I think this is in general not possible (trivial cases like zero vectors set aside). Your left-hand side contains repeated copies of the vector $\bar{b}$ (scaled by the elements $\bar{\bar{A}}$), whereas the right-hand side contains repeated copies of a matrix ($\bar{\bar{C}}$). These structures will not be compatible in general.
There is a way to be sure, of course. You can rearrange $\bar{d} \otimes \bar{\bar{C}}$ into $\bar{d} \cdot \bar{\bar{c}}^T$, where $\bar{\bar{c}} = {\rm vec}\{\bar{\bar{C}}\}.$ If you apply this rearrangement of elements to your given matrix $\bar{\bar{A}} \otimes \bar{b}$, you can check the rank of the resulting matrix. If it is rank one, its dominant singular values will provide a solution for $\bar{d}$ and $\bar{\bar{c}}$. If it is not, there is no (exact) solution. A truncated SVD would then give an approximate solution (best one in the least squares sense).

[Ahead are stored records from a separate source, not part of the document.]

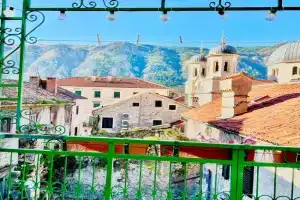 ground apartaments with balcony, Kotor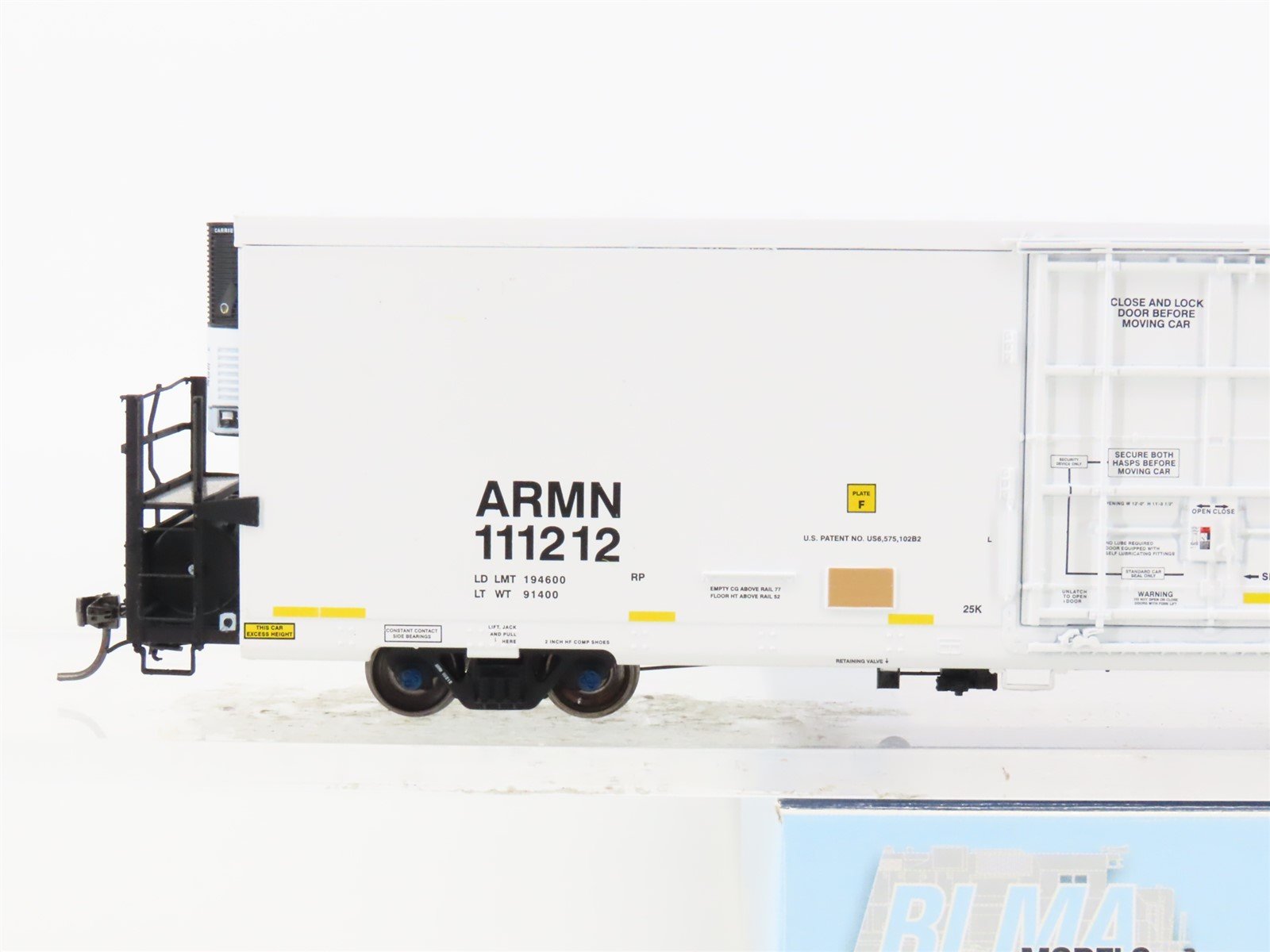 HO Scale BLMA Models 52009 ARMN UP Union Pacific Railroad 64' Reefer #111212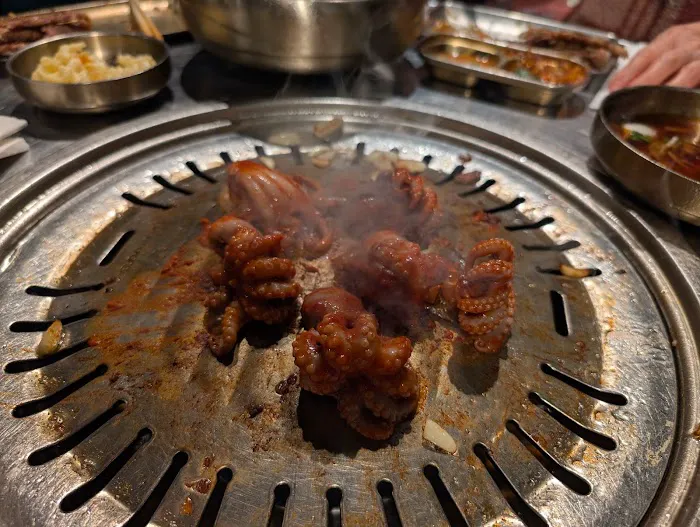 Yakini Q SJ Picture 6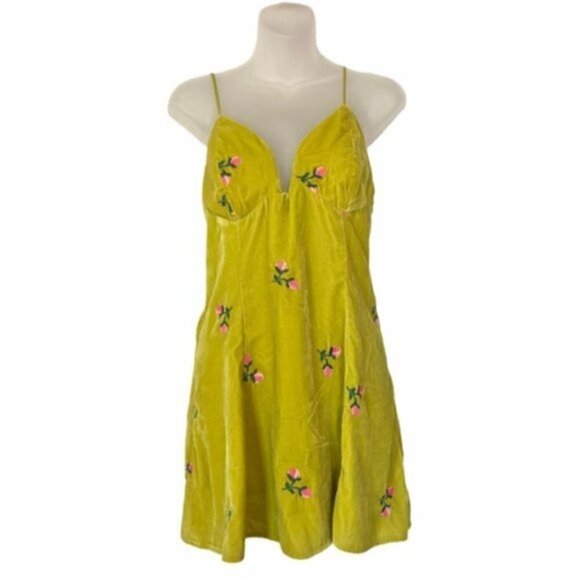 Urban Outfitters Ginger Velvet Embroidered Dress M - Picture 5 of 9
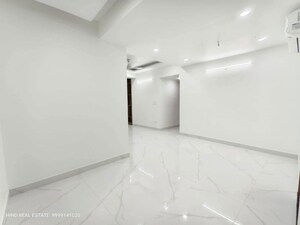 Room in 2 BHK Apartment at Saket – for Rent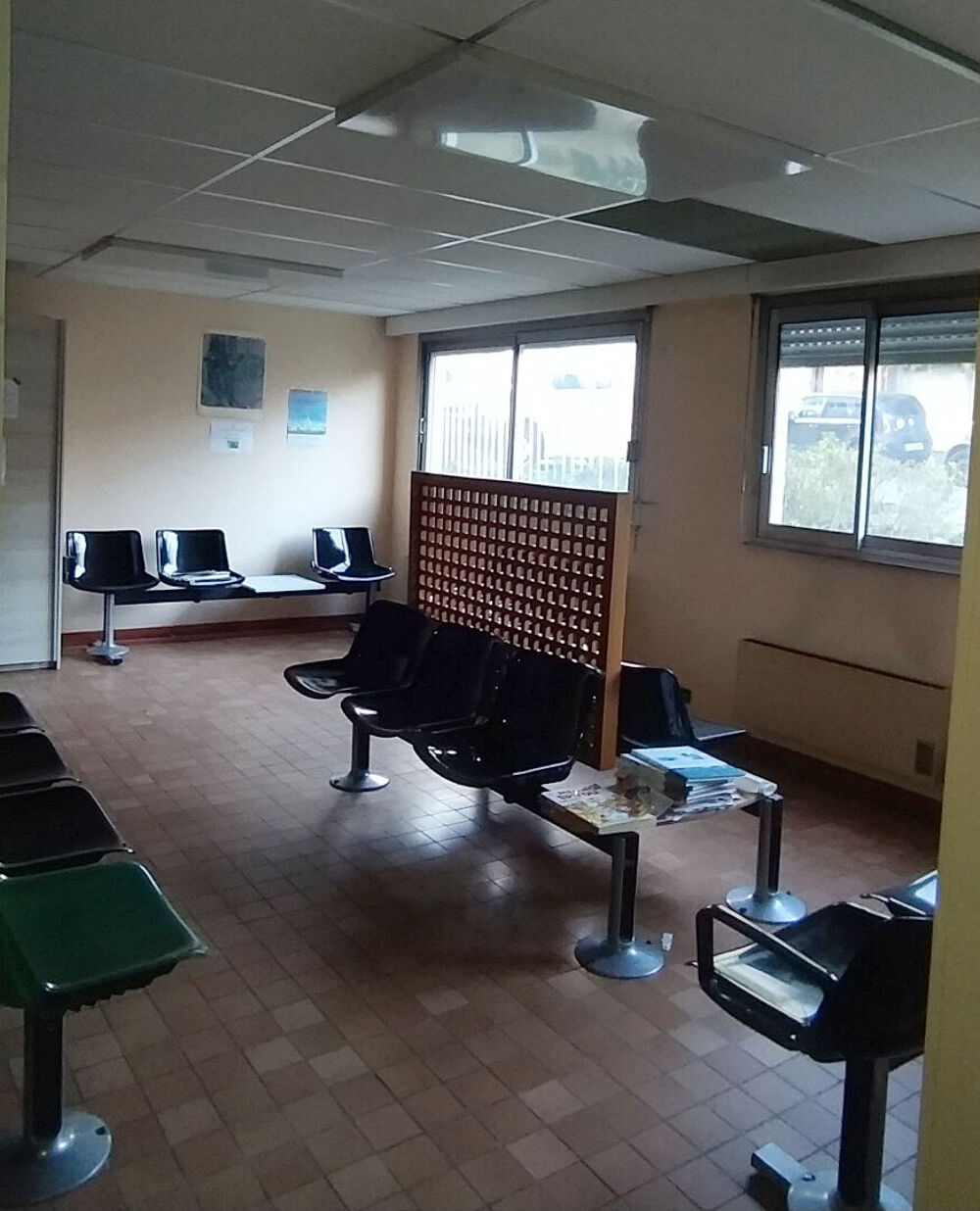   Thorigny sur Marne Local d'activit 7 pices 164.04 m 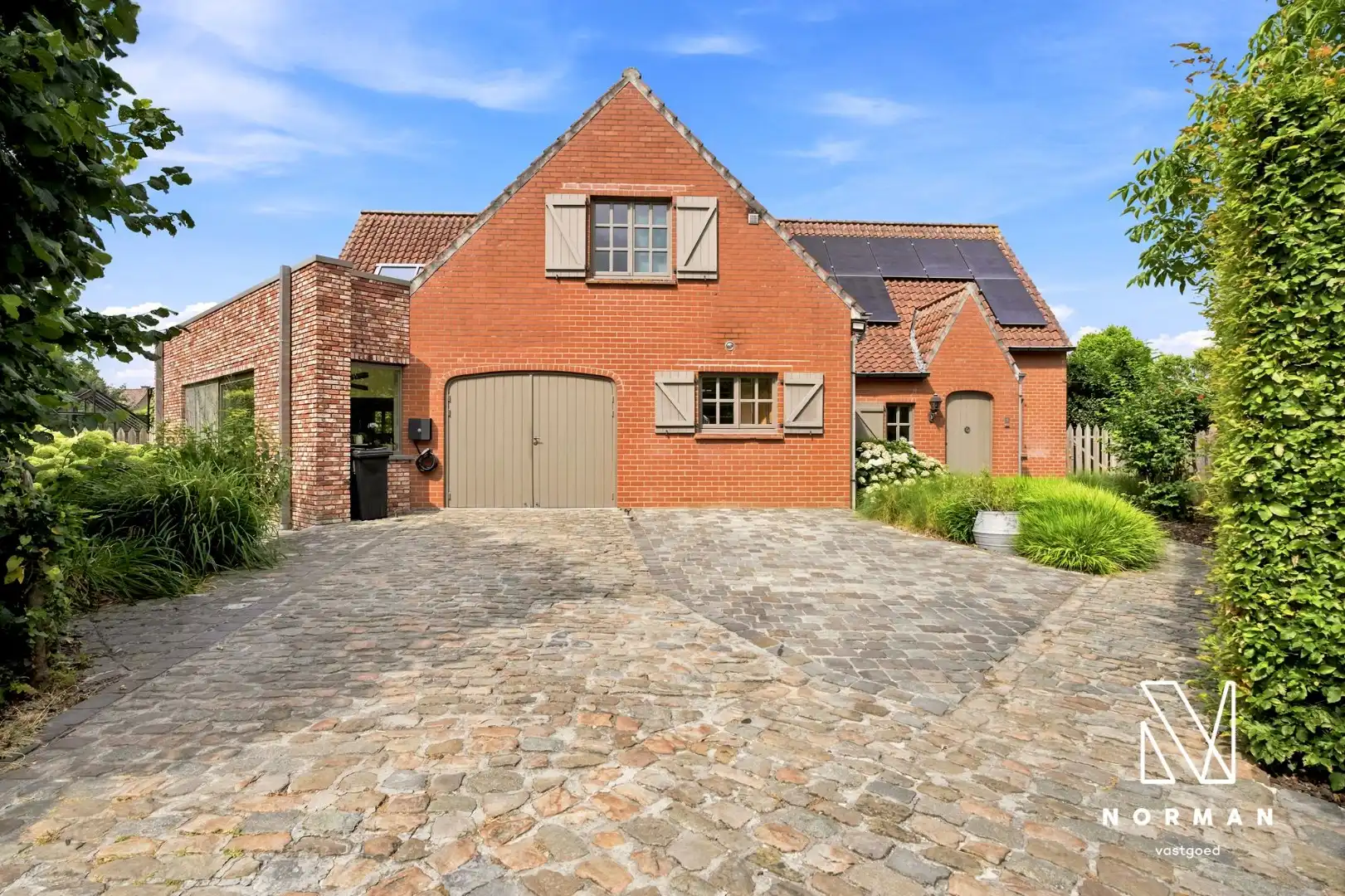 Prachtige, kwalitatief afgewerkte villa te koop in rustige woonwijk te Bavikhove! foto {{pictureIndex}}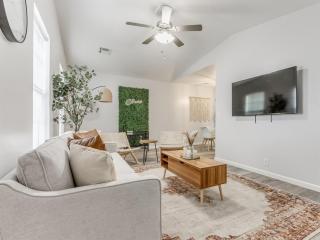 Oak & Elm 2BR King & Queen Edmond, OK - 5
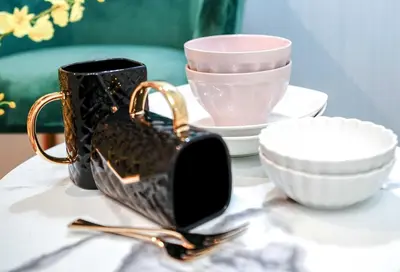 a table with cups and bowls on a table at A1\u6c60\u888b\u6700\u4e2d\u5fc3 \u4ea4\u901a\u4fbf\u5229\u8f66\u7ad93\u5206 Ikebukuro center 3 mins to ST Max 4P \u76f4\u8fbe\u65b0\u5bbf \u6d89\u8c37 \u8868\u53c2\u9053 \u6c60\u888b \u4e0a\u91ce \u4ee3\u4ee3\u6728 \u94f6\u5ea7 \u539f\u5bbf in Tokyo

*edit: Here is a concrete counter-example to demonstrate that there will not always be a solution. Let's say $\bar{\bar{A}} = I_2$ and $\bar{b}=\begin{bmatrix}1\\1\end{bmatrix}.$ Then $$\bar{\bar{A}} \otimes \bar{b} = \begin{bmatrix} 1 & 0 \\ 1 & 0 \\ 0 & 1 \\ 0 & 1 \end{bmatrix}.$$ Further, let $\bar{d} = \begin{bmatrix}d_1\\d_2\end{bmatrix}$ and $\bar{\bar{C}} = \begin{bmatrix}c_1&c_2\\c_3&c_4\end{bmatrix}$ so that $$\bar{d} \otimes \bar{\bar{C}} = \begin{bmatrix}c_1 d_1 & c_2 d_1 \\ c_3 d_1& c_4 d_1 \\c_1 d_2 & c_2 d_2 \\ c_3 d_2& c_4 d_2 \end{bmatrix}.$$
Now, for these two to be equal, we have
- $c_1d_1=c_3d_1=1$ which implies $c_1=c_3\neq 0$ and $d_1 \neq 0$
- $c_2d_1=c_4d_1=0$ which implies $c_2=c_4 = 0$ since $d_1 \neq 0$
- $c_1d_2=c_3d_2=0$ which implies $d_2 = 0$ since $c_1=c_3 \neq 0$
- $c_2d_2=c_4d_2=1$ which is a contradiction since $c_2=c_4 =d_2= 0$.